Het moment van de waarheid

Dit is namelijk de eerste keer dat de P94 (op dit punt was de naam nog geen zekerheidje) een wiel laat draaien op iets anders dan een rollenbank. De media worden normaal gesproken ver uit de buurt gehouden van deze vaak moeizame stadia van het ontwikkelingsproces, maar hier moeten alle auto’s doorheen.

Ik vermoed dat ik hier ben vanwege een gesprekje dat ik een jaar eerder had met Andy Palmer, hoofd van de Ultimate-divisie van McLaren. Waar dat over ging? Eigenlijk zei ik alleen maar iets dat hij allang wist: dat één twin-turbo V8 voor al je creaties gebruiken nogal beperkend is. Zijn antwoord luidde iets van: ‘Maar wat als we dat nou eens niet zouden doen?’

McLaren Solus GT voor

Oké, het gaat om niet meer dan 25 auto’s, het is hooguit wat afleiding, maar het voegt wel degelijk een dimensie toe. Vandaag draait alles om de afstelling van de koppeling. De Solus GT heeft een automatische koppeling om het de bestuurder iets gemakkelijker te maken, maar zoiets goed afgesteld krijgen is een uitdaging.

We gaan de baan op

De eerste keer sleurt ie zichzelf uit de pitsstraat, gromt er een halve ronde op los en stopt onder aan de heuvel van Anglesey. Gedurende de rest van de ochtend hikt ie, slipt en blokkeert, en als ie niet rijdt, worden er nieuwsgierige laptops aangesloten en veranderingen aangebracht. Het tempo van de vooruitgang is echter immens – niet alleen waar het op de auto aankomt, maar ook wat betreft het team en de hele organisatie.

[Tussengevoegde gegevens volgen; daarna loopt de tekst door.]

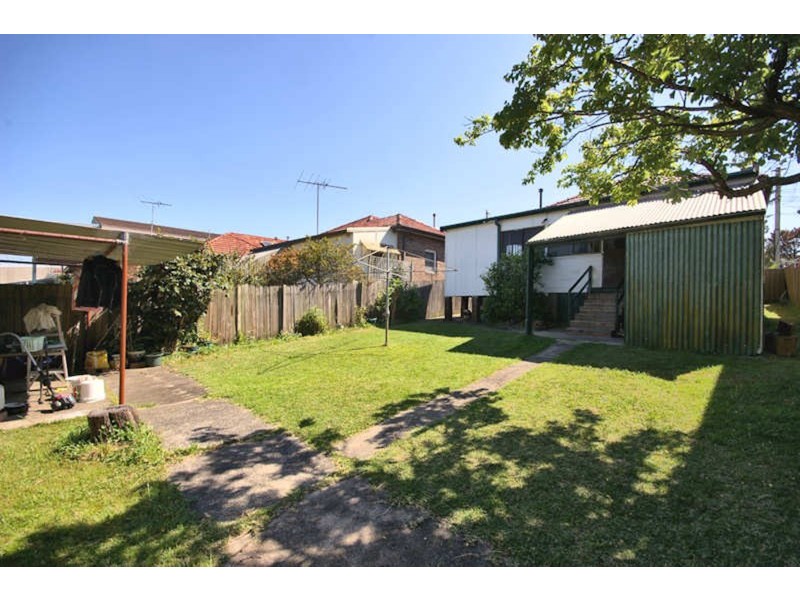 1332 CANTERBURY  Road, Punchbowl NSW 2196
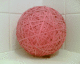 070525.redband_t.gif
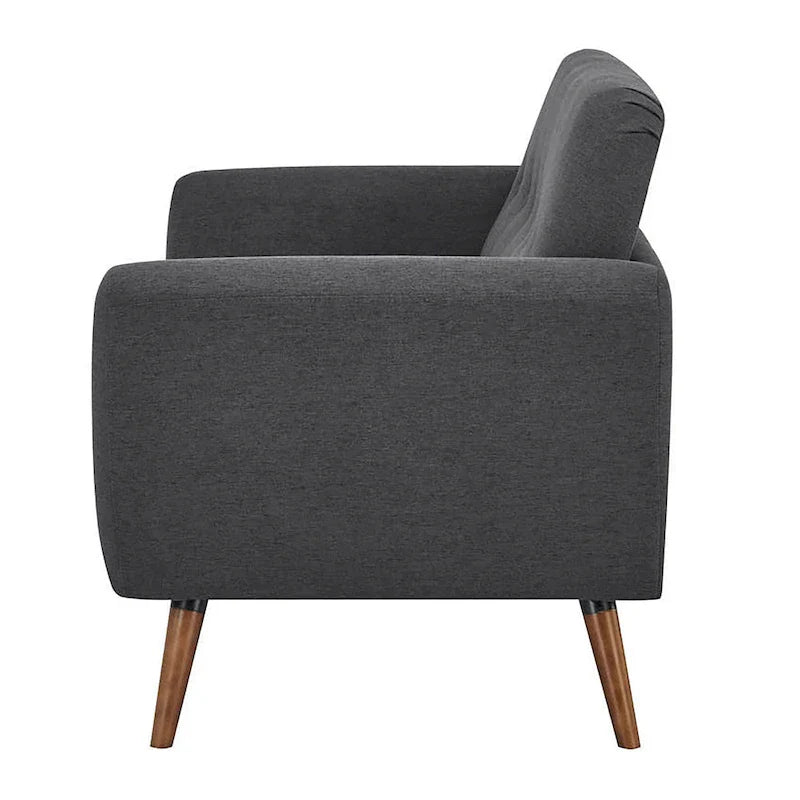 Carson Carrington Maglo Polsterloveseat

‘Dit wordt de snelste McLaren buiten de Formule 1’

In de vroege middag draait hij stints van elk vier rondjes. Hij klinkt wild, boos en met een vlijmscherp randje en een stiekeme stopwatch onthult dat hij een ronde doet in 1 minuut 22. Twee weken geleden ben ik hier met een BAC Mono en BMW’s snelste superbike geweest, en deden we daar acht seconden langer over.

McLaren Solus GT rijdend op een circuit schuin voor

Maar hij weegt aanzienlijk minder dan 1.000 kilo, wordt op de weg gedrukt door meer dan 1.200 kilo downforce en voortgejaagd door 840 pk. Hij is voor niets anders dan brute snelheid gemaakt. McLaren claimt nu nog geen rondetijden, maar hij zal van een totaal andere orde zijn dan alles wat het bedrijf tot nu toe heeft gemaakt, inclusief de 720S GT3X. Dit wordt de snelste McLaren ooit – buiten de Formule 1, dan.

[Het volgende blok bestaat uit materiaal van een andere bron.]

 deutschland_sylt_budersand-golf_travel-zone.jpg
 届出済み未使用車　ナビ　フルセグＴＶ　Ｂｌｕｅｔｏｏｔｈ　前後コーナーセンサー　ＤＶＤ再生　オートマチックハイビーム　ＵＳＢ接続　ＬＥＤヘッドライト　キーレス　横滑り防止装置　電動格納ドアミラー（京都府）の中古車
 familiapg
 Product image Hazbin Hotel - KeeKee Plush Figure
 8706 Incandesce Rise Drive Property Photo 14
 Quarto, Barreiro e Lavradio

McLaren Solus GT rijdend op een circuit zijkant

En hij begon zijn leven in een game. Misschien was Gran Turismo de inspiratie voor de Solus GT, of wellicht alleen maar een makkelijk haakje om het verhaal aan op te hangen. Hoe meer ik naar allebei kijk, hoe minder ik ze op elkaar vindt lijken. Maar dit, rijdend naast een Valkyrie en een AMG One in de ongepixelde wereld? Zo verbijsterend dat je zou denken dat het virtual reality was.